Implementation:Apache Paimon SnapshotCommit
| Knowledge Sources | |
|---|---|
| Domains | Snapshot Management, Transaction Management |
| Last Updated | 2026-02-08 00:00 GMT |
Overview
SnapshotCommit is an abstract base class defining the interface for atomically committing snapshots with partition statistics.
Description
The SnapshotCommit class provides the abstract interface for snapshot commit operations in Apache Paimon tables. It defines the contract that all snapshot commit implementations must follow, ensuring consistent behavior across different commit strategies (catalog-based, file-based, etc.).
The interface includes a commit method that takes a snapshot, branch name, and partition statistics, returning a boolean indicating success. It also defines a close method for resource cleanup and implements context manager protocol for safe resource management.
The module also includes the PartitionStatistics dataclass, which encapsulates partition-level metadata including record counts, file sizes, file counts, creation timestamps, and bucket information. This class is designed to match the Java PartitionStatistics structure for proper JSON serialization in REST API calls.
Usage
Use SnapshotCommit as the base interface when implementing custom snapshot commit strategies, or use PartitionStatistics when collecting partition metadata for snapshot commits or catalog operations.
Code Reference
Source Location
- Repository: Apache_Paimon
- File: paimon-python/pypaimon/snapshot/snapshot_commit.py
Signature
@dataclass
class PartitionStatistics:
"""Represents partition statistics for snapshot commits."""
spec: Dict[str, str]
record_count: int
file_size_in_bytes: int
file_count: int
last_file_creation_time: int
total_buckets: int
@classmethod
def create(
cls,
partition_spec: Dict[str, str] = None,
record_count: int = 0,
file_count: int = 0,
file_size_in_bytes: int = 0,
last_file_creation_time: int = None,
total_buckets: int = 0
) -> 'PartitionStatistics':
"""Factory method to create PartitionStatistics with backward compatibility."""

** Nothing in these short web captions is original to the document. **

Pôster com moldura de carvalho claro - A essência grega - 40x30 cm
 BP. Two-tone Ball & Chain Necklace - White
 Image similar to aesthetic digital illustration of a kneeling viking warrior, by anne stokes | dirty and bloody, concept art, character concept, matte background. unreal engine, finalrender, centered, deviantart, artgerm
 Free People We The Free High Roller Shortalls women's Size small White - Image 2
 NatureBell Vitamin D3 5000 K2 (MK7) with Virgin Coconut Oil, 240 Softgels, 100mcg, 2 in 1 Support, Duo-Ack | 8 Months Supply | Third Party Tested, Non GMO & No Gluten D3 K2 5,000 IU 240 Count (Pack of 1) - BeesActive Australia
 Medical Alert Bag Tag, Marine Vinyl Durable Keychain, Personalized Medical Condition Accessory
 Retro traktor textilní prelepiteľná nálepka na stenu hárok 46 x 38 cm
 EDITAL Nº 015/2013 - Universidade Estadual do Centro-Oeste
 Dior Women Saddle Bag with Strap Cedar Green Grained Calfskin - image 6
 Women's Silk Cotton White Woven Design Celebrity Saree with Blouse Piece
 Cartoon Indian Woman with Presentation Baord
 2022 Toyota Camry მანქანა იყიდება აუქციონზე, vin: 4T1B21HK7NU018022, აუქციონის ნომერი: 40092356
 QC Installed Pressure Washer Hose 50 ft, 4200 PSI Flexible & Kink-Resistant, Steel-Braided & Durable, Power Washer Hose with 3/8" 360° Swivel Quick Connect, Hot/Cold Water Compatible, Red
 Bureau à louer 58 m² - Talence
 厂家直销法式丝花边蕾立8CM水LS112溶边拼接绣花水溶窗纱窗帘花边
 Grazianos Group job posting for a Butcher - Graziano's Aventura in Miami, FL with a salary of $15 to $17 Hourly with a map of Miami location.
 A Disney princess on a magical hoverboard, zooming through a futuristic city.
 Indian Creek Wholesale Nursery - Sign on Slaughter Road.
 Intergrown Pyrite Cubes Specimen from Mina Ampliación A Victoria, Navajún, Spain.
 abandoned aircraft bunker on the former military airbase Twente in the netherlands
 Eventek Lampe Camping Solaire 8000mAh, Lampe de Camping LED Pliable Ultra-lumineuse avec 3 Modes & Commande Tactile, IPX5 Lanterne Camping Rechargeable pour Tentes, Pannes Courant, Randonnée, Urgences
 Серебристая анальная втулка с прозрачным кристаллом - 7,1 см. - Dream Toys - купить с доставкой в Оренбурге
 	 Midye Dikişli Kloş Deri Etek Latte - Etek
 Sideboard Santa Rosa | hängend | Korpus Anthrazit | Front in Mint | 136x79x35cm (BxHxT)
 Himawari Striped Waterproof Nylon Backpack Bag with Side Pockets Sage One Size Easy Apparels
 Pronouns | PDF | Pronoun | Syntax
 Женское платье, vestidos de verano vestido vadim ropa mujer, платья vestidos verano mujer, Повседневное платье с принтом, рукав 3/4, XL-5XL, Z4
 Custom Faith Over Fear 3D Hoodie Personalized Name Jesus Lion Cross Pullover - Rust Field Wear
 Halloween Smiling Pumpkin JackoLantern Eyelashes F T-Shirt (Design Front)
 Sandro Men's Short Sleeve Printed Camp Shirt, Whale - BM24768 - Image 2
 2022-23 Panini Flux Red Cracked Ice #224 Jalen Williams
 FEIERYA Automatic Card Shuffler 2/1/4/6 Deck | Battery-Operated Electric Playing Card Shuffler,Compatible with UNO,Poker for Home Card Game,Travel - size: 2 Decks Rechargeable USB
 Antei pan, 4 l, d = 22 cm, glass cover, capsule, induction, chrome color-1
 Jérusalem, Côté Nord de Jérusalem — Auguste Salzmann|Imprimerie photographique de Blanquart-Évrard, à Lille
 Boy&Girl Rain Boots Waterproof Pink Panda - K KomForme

class SnapshotCommit(ABC):
"""Interface to commit snapshot atomically."""
@abstractmethod
def commit(self, snapshot: Snapshot, branch: str, statistics: List[PartitionStatistics]) -> bool:
"""Commit the given snapshot."""
@abstractmethod
def close(self):
"""Close the snapshot commit and release any resources."""
def __enter__(self):
"""Context manager entry."""
def __exit__(self, exc_type, exc_val, exc_tb):
"""Context manager exit."""
Import
from pypaimon.snapshot.snapshot_commit import SnapshotCommit, PartitionStatistics
I/O Contract
Inputs
| Name | Type | Required | Description |
|---|---|---|---|
| snapshot | Snapshot | Yes | Snapshot to commit |
| branch | str | Yes | Branch name for the commit |
| statistics | List[PartitionStatistics] | Yes | Partition statistics for catalog metadata |
| partition_spec | Dict[str, str] | No | Partition specification for statistics |
| record_count | int | No | Number of records in partition |
| file_count | int | No | Number of files in partition |
| file_size_in_bytes | int | No | Total file size in bytes |
| total_buckets | int | No | Total number of buckets |
Outputs
| Name | Type | Description |
|---|---|---|
| success | bool | True if commit was successful, False otherwise |
| partition_stats | PartitionStatistics | Partition statistics object |
Usage Examples
from pypaimon.snapshot.snapshot_commit import SnapshotCommit, PartitionStatistics
# Create partition statistics
stats = PartitionStatistics.create(
partition_spec={"date": "2024-01-01", "region": "us-west"},
record_count=10000,
file_count=5,
file_size_in_bytes=104857600,
total_buckets=4
)
# Use with a concrete implementation
from pypaimon.snapshot.renaming_snapshot_commit import RenamingSnapshotCommit
with RenamingSnapshotCommit(snapshot_manager) as committer:
success = committer.commit(
snapshot=new_snapshot,
branch="main",
statistics=[stats]
)
if success:
print("Snapshot committed successfully")
# Multiple partitions
partition_stats = [
PartitionStatistics.create(
partition_spec={"date": "2024-01-01"},
record_count=5000,
file_count=2,
file_size_in_bytes=52428800
),
PartitionStatistics.create(
partition_spec={"date": "2024-01-02"},
record_count=7000,
file_count=3,
file_size_in_bytes=73400320
)
]
# Implement custom snapshot commit
class CustomSnapshotCommit(SnapshotCommit):
def commit(self, snapshot, branch, statistics):
# Custom commit logic
return True
def close(self):
# Cleanup logic
pass